RabbitMQ: Automatic retries with increasing delay
I have finally implemented a solution to automatic retries for a RabbitMQ message queue. I have pointed out the problem of retrying failed messages with a delay in a previous post.
I am still sad there is no ready-to-use solution and you have to write code yourself to make this work, but well. At least it is a solution.
You can find an example project in python here: https://github.com/andreas-mausch/rabbitmq-with-retry-and-delay
The concept is heavily inspired by https://devcorner.digitalpress.blog/rabbitmq-retries-the-new-full-story/.
1. Breakdown
So we have a bunch of extra exchanges and queues for this approach.
The main difference to Cyril's solution is that we don't re-send the message to a queue directly, but rather to it's original exchange with it's routing key.
One good thing though is: We can use this retry-block for as my queues as we like. It doesn't have to be repeated for each queue. Phew.
So we can set up a number of retries in our code, each having a delay time.
When a message still couldn't be delivered after the last delay, it
is finally sent to the retry-dead-letter-exchange
.
There, an admin can look regulary which messages had problems to be consumed.

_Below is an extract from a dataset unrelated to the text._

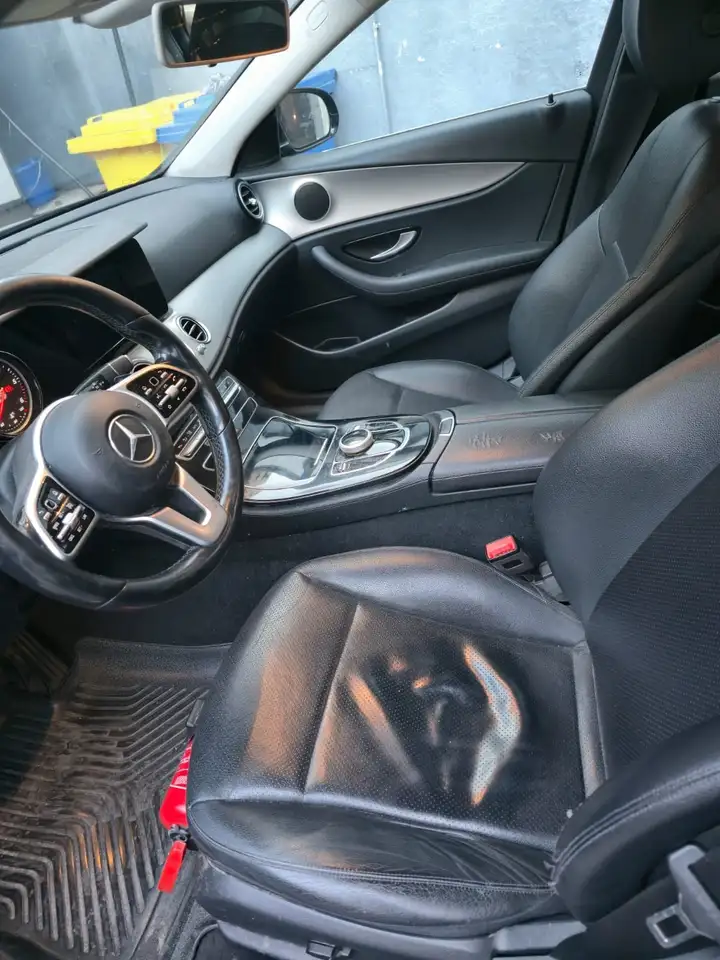 Mercedes-Benz E 200 CDI Classic, foto 2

In the example code the retry delays are:
- 5 seconds
- 2 minutes
- 30 minutes
- 6 hours
- 2 days
My example also covers the case of having a quorum queue, and here it is a bit disappointing:
Even though you can still use the retry mechanism via x-delivery-limit
, the retries will
still be immediate.
If you want to have increasing delay here as well, you must skip the automatic quorum queue
mechanism by setting requeue=False
in case of an error, so the dead-letter-exchange
(retry-error-exchange
) will be used instead.
2. Why do we need a delay exchange?
First, I was surprised we need that second exchange in the retry-block. Why not just have a single one?

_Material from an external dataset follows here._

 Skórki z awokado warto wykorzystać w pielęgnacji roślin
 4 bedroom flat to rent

The reason is: In order for x-delay
to work, we need an exchange of the type x-delayed-message
.
So we have the choice of either making our normal exchanges all of this type, or
rather have only a single place for this exception.

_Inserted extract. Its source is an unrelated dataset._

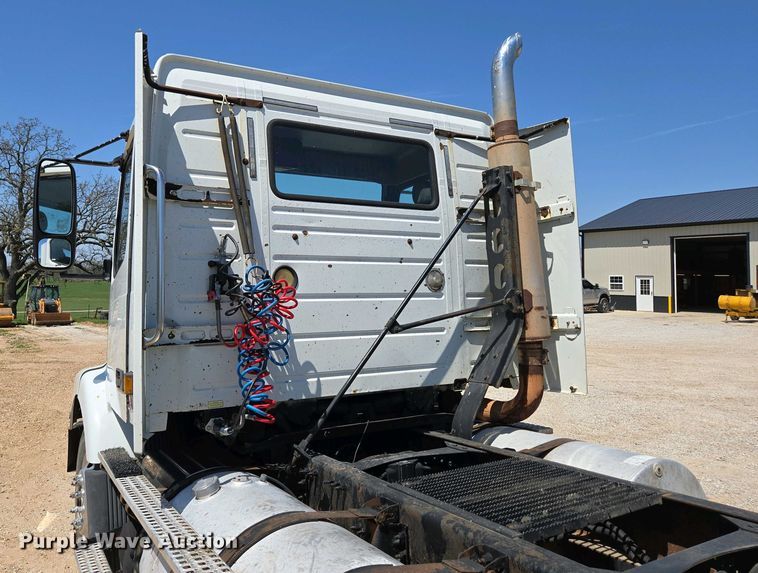 image for item EN3561 2001 Volvo VNM semi truck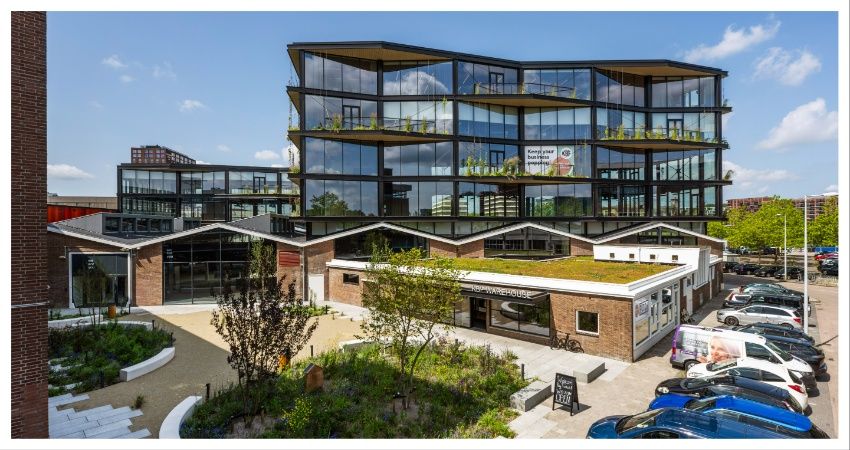 Podcastbedrijf huurt 2300 m2 in Kauwgomballenfabriek Amsterdam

And the retry-error-exchange
cannot be the exchange to be x-delay-message
, because
at this point the message doesn't have the x-delay
header yet.
3. Error handling
So we have covered the case something goes wrong inside our consumer.
In case there is a problem in the consumers of the retry-error-queue
or the retry-delay-queue
themselves,
we define a dead letter exchange for them as well, and it is also the retry-dead-letter-exchange
.
Now we keep all non-consumable messages for analysis: even if all retries failed and even if there was a processing problem inside the retry handlers.
4. RabbitMQ Delay Plugin
One more downside to this solution: We cannot just use the basic RabbitMQ docker image anymore, because we need to have the delayed-message-exchange enabled.
See Scheduling Messages with RabbitMQ.
I use heidiks/rabbitmq-delayed-message-exchange:3.13.3-management
for now, but we'll
see how well this is maintained over time.